LOS ANGELES, California (AP) -- They cased homes containing drugs, money and weapons like suspects in any other robbery ring, prosecutors say.

But instead of donning ski masks and stealing through windows in the dead of night, the robbers allegedly wore police uniforms and badges as they carried out raids that authorities say were intended to appear like official law enforcement searches.

Five of the suspects were sworn officers at the time.

Nineteen people have been charged in the ring, led by then-Los Angeles police Officer Ruben Palomares, prosecutors said Thursday in announcing the results of a four-year investigation.

Palomares and his associates are accused of targeting locations where people were suspected of selling drugs, then gaining access by saying they were conducting a legitimate police search before stealing valuables, prosecutors said.

"While this story sounds like a script from 'The Shield' or 'Training Day,' it actually happened here in L.A.," said Assistant U.S. Attorney Thomas O'Brien.

A federal grand jury on Tuesday indicted six people, and those arrested were a former sheriff's deputy now on leave from the state Department of Corrections and two fired officers from the Los Angeles and Long Beach police departments.
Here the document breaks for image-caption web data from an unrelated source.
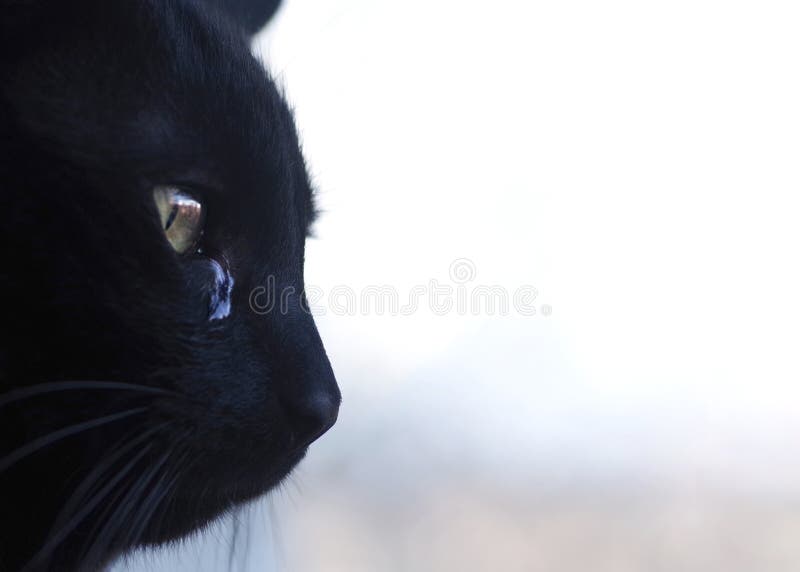 Tears in the Eyes of a Black Cat. Stock Photo Image of focus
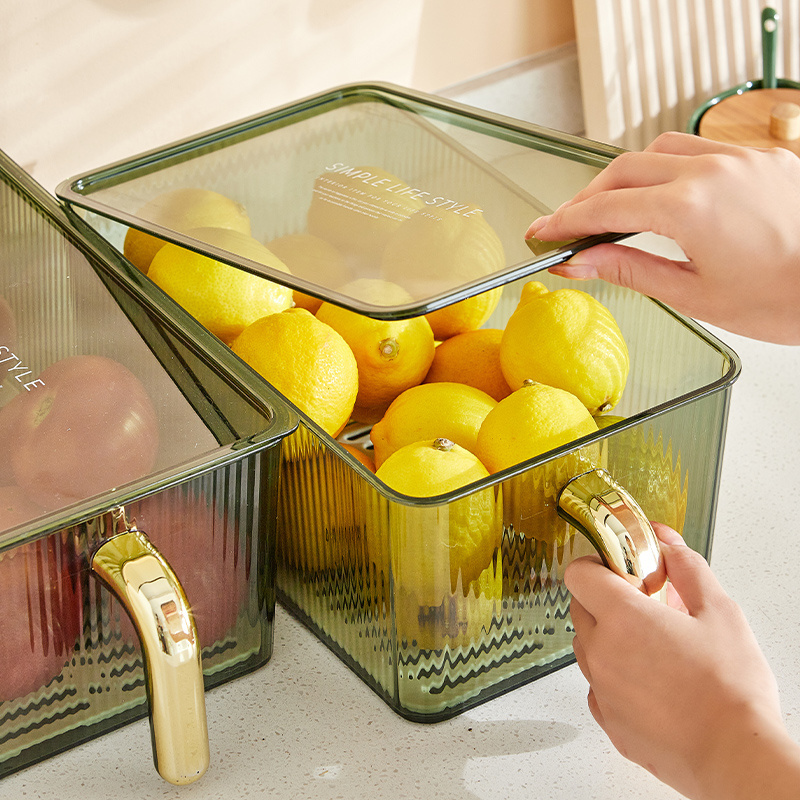 Refrigerator storage box food grade fresh-keeping box freezer special kitchen fruit handle box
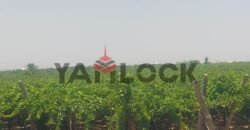 للبيع أرض زراعية على طريق داخلى فى العبور الجديده للبيع أرض زراعية على طريق داخلى فى العبور الجديده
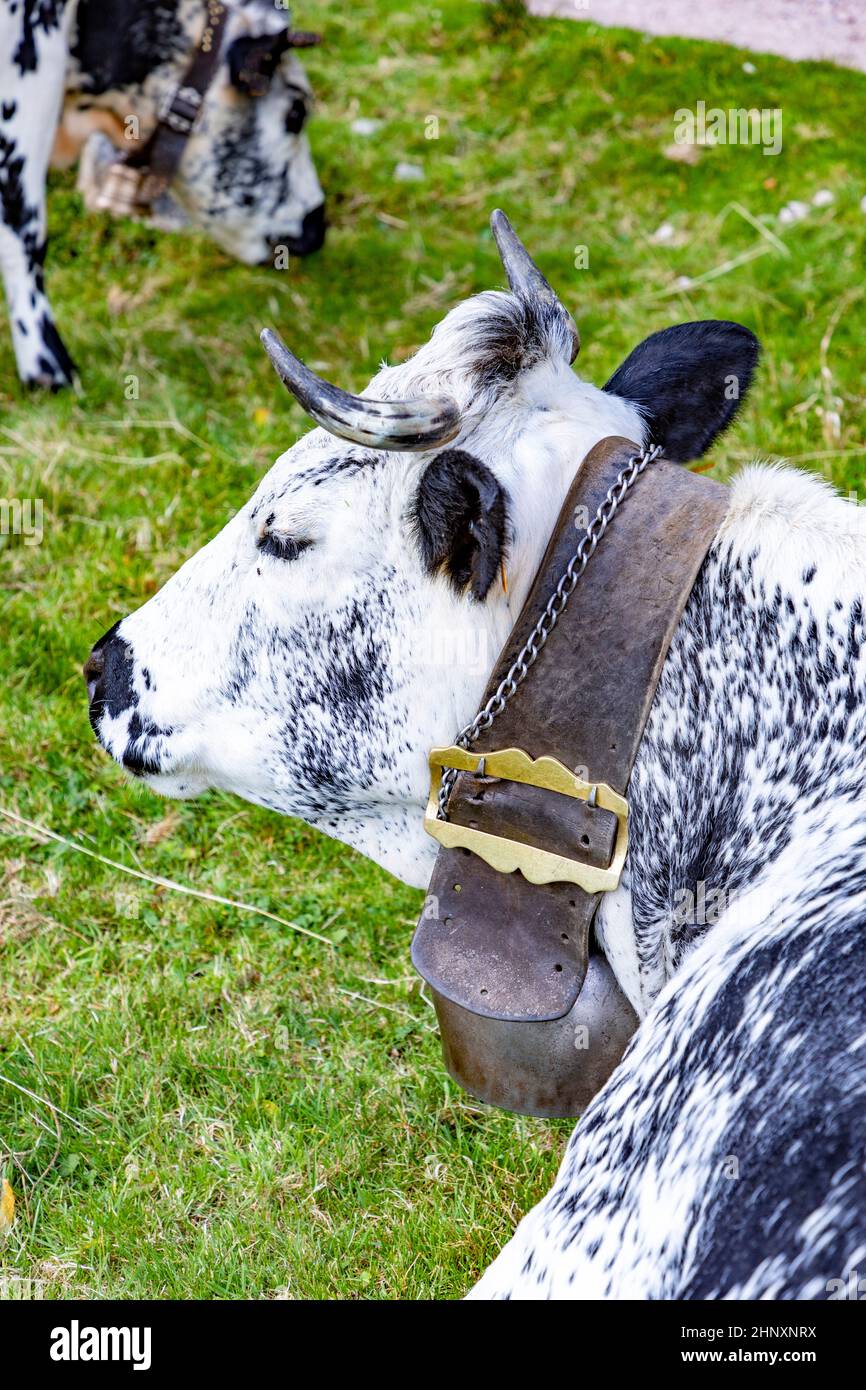 Vaches holstein avec cowbell dans la région Alsace en france reposant dans la prairie alpine Banque D'Images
Three people who were indicted are still being sought.

The defendants face multiple counts of conspiracy to possess narcotics with the intent to distribute, deprivation of rights under color of law and using a firearm during a drug trafficking crime and a crime of violence.

Thirteen people charged earlier include Palomares, 36; two of Palomares' cousins; and Jesse Moya, 29, a former LAPD officer who agreed to plead guilty to a conspiracy charge in 2004.

Palomares and Moya "are traitors to the badge that the men and women of this department so proudly wear, traitors to their fellow officers, but most importantly, traitors to the public trust," Los Angeles police Chief William Bratton said.

Authorities contend that Palomares supplied the group with uniforms, radios and even badges to carry out the raids. In some cases, members drove to targeted drug houses in official LAPD cars. Victims were allegedly restrained, threatened and sometimes beaten while the group scoured the houses for drugs, weapons and money.

Stolen property included 600 pounds of marijuana, TVs, jewelry, money and rifles from Los Angeles County sites, prosecutors said.

Palomares already is serving 15 years in prison for drug trafficking and weapons crimes dating from 2001.

"He has accepted full responsibility for his roles in these misdeeds," said Palomares' attorney Winston Kevin McKesson.


----------